11.2 This obligation continues even after termination of the contract and shall be imposed on any third parties to whom documentation and information may be passed on in line with contractual agreements.

12. Data Protection
12.1 zweigrad is entitled to store data relating to the Customer electronically and to process and use such data for business purposes in line with the statutory regulations.
12.2 We herewith notify the client and he agrees, that all data of this business connection will be recorded, retained, handled and used, and that we are allowed to circulate the data to involved third parties/business companies. This agreement can be cancelled/recalled at anytime.

13. Assignment/Transfer/Retention
13.1 The Customer may not transfer rights under this contract to third parties without the written consent of zweigrad.
13.2 In the event of any claims the Customer may not refuse payments incumbent on it, nor retain or set off such payments unless the Customer’s claims either have not been contested by zweigrad or have fallen due or have become res judicata .

14. Place of Performance/Transfer of Risk/Safekeeping
14.1 Place of performance for zweigrad supplies and services is the business premises of zweigrad.
14.2 Sending or returning of contractual goods and models shall take place at the risk of and for the account of the Customer.
14.3 Should zweigrad hold items in safekeeping for the Customer, this shall take place at the cost and risk of the latter. Unless agreed otherwise, the Customer is obliged to pay zweigrad the amount customary for such storage by a commercial warehousekeeper.

15. Written Form

No oral subsidiary agreements exist. Changes or amendments shall be valid only when made in writing. This also applies the contracting-out of this written form requirement.
Communications by fax or e-mail shall qualify as written.

16. Severability
Should any provision of a contract on supply and service – of which these conditions form an integral part – be or become invalid, this shall not affect the validity of the remaining provisions.

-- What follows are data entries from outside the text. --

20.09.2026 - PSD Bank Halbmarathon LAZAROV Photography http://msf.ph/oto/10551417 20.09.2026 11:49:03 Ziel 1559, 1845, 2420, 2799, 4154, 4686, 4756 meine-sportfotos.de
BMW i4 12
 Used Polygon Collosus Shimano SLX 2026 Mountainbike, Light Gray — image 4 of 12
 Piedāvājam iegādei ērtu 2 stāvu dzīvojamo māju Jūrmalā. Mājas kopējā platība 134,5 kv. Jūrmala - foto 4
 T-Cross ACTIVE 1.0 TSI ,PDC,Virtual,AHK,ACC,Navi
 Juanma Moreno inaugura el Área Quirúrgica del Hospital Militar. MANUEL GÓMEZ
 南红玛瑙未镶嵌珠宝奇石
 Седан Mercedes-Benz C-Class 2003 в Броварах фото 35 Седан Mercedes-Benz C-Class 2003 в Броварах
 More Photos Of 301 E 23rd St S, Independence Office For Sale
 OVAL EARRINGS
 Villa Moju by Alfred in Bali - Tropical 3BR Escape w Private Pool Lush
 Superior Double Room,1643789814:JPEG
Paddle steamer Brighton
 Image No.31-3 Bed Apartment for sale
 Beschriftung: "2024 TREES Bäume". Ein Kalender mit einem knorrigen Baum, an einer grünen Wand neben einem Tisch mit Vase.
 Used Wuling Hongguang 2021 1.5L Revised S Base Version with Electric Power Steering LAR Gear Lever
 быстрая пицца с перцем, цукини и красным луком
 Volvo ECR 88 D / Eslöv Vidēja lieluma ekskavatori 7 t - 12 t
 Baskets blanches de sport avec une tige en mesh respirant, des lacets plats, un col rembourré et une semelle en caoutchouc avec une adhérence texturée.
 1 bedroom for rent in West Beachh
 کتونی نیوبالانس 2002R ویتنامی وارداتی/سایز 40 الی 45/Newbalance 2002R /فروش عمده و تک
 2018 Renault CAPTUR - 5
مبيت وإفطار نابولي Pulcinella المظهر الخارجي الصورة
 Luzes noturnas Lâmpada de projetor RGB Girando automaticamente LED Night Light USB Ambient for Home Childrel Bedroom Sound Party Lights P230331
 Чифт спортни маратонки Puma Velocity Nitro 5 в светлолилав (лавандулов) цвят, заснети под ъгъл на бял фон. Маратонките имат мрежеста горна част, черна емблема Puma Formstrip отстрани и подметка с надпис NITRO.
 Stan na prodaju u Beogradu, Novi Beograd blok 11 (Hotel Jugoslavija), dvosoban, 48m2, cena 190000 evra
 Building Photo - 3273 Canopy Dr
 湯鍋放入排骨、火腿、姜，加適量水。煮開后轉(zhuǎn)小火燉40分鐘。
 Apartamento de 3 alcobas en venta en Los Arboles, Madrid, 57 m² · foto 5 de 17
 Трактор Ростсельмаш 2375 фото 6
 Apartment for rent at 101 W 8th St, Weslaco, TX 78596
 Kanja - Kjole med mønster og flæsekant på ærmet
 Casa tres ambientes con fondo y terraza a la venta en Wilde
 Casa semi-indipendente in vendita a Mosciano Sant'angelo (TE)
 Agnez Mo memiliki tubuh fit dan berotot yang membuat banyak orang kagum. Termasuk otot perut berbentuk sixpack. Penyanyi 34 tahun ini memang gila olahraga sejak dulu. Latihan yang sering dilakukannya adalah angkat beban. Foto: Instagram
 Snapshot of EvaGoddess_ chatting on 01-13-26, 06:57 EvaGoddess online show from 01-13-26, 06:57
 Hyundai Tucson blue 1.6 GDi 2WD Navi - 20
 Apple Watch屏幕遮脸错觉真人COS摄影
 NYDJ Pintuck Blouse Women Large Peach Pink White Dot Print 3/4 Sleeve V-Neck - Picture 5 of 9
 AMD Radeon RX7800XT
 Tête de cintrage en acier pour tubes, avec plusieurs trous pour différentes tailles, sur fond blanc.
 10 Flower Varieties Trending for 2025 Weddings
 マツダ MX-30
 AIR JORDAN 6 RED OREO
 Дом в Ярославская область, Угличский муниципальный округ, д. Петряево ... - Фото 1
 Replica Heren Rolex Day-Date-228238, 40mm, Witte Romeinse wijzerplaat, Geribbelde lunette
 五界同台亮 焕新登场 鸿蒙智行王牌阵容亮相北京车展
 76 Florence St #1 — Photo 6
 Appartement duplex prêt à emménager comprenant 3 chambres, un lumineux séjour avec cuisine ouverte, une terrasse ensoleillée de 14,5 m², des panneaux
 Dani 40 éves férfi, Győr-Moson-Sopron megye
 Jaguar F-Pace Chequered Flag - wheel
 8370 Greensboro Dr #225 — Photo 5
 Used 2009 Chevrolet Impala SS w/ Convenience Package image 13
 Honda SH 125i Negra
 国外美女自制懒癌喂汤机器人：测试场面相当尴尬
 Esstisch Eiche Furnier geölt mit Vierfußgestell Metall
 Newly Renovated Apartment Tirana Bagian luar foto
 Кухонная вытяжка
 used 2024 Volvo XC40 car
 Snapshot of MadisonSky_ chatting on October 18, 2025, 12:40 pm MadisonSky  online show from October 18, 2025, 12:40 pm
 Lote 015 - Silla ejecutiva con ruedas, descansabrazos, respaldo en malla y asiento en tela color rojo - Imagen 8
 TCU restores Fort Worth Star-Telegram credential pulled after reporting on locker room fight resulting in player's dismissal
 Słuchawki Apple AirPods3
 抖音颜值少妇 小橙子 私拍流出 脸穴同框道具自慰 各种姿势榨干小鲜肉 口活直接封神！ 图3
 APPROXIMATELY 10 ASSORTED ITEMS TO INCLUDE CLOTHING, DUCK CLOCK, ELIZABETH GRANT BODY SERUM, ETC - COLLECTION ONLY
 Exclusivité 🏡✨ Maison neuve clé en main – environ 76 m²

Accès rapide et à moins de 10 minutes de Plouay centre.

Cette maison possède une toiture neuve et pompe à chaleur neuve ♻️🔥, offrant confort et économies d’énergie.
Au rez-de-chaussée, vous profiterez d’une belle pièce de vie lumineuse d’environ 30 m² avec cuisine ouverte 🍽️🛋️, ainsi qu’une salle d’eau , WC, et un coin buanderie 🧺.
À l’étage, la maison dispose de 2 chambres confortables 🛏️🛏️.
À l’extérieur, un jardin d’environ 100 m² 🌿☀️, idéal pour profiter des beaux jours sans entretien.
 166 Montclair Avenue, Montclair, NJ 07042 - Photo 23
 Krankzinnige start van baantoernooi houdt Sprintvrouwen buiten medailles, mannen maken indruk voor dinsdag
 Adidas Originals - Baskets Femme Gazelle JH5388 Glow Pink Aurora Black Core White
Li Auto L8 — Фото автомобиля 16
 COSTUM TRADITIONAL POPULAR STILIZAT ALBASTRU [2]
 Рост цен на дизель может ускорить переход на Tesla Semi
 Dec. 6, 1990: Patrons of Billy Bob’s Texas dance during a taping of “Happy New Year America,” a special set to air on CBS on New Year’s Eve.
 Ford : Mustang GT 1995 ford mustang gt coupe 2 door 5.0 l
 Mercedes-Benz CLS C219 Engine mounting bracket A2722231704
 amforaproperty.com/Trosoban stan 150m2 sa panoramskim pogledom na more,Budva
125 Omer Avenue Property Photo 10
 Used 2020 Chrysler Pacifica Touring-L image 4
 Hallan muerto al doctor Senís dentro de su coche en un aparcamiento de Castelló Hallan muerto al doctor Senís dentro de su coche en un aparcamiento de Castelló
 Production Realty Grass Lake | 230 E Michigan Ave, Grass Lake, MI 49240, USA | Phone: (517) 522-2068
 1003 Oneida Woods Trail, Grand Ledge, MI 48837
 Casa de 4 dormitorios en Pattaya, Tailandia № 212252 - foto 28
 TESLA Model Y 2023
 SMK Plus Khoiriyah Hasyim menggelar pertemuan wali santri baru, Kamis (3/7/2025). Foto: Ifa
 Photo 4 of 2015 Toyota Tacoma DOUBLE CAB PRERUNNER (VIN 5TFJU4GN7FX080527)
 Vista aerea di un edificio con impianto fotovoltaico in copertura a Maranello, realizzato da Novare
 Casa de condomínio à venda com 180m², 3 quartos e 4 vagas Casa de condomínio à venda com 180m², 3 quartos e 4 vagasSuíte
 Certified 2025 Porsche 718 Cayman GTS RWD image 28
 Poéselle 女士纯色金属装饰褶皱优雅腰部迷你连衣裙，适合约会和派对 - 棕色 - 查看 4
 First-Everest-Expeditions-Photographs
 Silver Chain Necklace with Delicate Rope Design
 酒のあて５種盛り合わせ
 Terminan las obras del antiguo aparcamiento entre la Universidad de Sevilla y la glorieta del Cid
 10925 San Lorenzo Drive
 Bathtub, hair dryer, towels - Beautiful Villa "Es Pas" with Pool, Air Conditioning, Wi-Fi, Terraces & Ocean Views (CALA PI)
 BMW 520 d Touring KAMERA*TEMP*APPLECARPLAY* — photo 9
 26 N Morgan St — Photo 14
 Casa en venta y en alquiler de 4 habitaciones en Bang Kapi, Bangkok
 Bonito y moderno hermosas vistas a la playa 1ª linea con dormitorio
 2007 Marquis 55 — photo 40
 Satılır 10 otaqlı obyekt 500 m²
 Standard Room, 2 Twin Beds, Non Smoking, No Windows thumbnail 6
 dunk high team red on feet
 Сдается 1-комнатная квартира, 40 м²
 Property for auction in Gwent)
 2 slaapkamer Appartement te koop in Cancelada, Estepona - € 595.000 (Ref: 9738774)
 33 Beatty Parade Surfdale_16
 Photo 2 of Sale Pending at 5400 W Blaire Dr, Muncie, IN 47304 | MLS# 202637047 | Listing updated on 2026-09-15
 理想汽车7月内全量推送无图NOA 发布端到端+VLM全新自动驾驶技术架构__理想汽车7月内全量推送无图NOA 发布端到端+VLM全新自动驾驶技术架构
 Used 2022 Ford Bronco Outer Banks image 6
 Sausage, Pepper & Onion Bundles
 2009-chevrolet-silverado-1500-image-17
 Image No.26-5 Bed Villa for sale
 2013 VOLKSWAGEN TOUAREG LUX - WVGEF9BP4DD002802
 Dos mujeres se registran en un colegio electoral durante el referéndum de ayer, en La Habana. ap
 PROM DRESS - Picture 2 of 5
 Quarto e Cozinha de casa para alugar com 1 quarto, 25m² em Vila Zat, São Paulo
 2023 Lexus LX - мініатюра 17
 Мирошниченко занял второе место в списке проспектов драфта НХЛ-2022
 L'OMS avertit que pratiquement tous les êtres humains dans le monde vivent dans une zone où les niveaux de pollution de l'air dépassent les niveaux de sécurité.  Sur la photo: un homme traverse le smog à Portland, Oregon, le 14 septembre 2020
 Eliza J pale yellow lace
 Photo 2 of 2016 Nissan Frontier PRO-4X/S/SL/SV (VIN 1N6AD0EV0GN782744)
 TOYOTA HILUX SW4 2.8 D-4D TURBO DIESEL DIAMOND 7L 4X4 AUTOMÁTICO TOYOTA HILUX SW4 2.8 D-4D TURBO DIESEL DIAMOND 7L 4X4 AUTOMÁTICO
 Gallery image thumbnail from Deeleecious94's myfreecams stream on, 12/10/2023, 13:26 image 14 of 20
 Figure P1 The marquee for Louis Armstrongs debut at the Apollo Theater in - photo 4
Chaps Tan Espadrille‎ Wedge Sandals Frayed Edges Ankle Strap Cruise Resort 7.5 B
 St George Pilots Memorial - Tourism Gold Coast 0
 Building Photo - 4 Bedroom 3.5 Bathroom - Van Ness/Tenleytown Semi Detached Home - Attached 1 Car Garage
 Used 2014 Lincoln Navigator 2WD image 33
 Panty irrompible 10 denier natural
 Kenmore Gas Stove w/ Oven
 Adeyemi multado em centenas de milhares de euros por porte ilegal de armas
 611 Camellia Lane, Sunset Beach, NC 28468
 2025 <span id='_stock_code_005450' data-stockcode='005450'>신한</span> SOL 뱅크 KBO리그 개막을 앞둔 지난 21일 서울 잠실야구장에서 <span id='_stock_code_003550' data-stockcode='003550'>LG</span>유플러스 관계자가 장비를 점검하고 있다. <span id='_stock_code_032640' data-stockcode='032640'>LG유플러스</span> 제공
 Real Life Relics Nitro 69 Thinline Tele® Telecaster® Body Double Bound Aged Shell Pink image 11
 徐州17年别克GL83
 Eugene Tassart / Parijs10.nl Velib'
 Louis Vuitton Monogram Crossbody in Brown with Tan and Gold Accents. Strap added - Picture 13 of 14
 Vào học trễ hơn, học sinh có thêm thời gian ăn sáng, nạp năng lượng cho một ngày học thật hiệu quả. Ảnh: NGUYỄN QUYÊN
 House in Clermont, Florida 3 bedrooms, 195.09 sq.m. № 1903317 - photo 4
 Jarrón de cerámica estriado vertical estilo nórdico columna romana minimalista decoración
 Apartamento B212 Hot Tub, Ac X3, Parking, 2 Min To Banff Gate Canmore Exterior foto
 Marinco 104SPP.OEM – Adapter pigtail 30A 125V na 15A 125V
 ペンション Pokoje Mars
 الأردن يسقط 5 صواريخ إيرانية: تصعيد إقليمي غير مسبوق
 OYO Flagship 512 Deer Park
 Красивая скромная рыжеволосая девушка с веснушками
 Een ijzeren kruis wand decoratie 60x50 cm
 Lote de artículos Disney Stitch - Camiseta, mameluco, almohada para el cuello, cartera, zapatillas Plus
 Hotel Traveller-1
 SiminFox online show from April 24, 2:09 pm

17. Place of Jurisdiction / Governing Law
17.1 As far as legally admissible, the place of jurisdiction for all disputes between the Parties, regardless of their legal basis, shall be Hamburg. zweigrad is, however, entitled to sue the Customer at the court competent for the latter’s habitual abode.
17.2 The contractual relations between the Parties shall be subject to German law, with the exclusion of the provisions of conflict of law set out in the Introductory Law to the German Civil Code [Einführungsgesetz zum Bürgerlichen Gesetzbuch – EGBGB]. Application of the UN Sales Convention is also expressly excluded.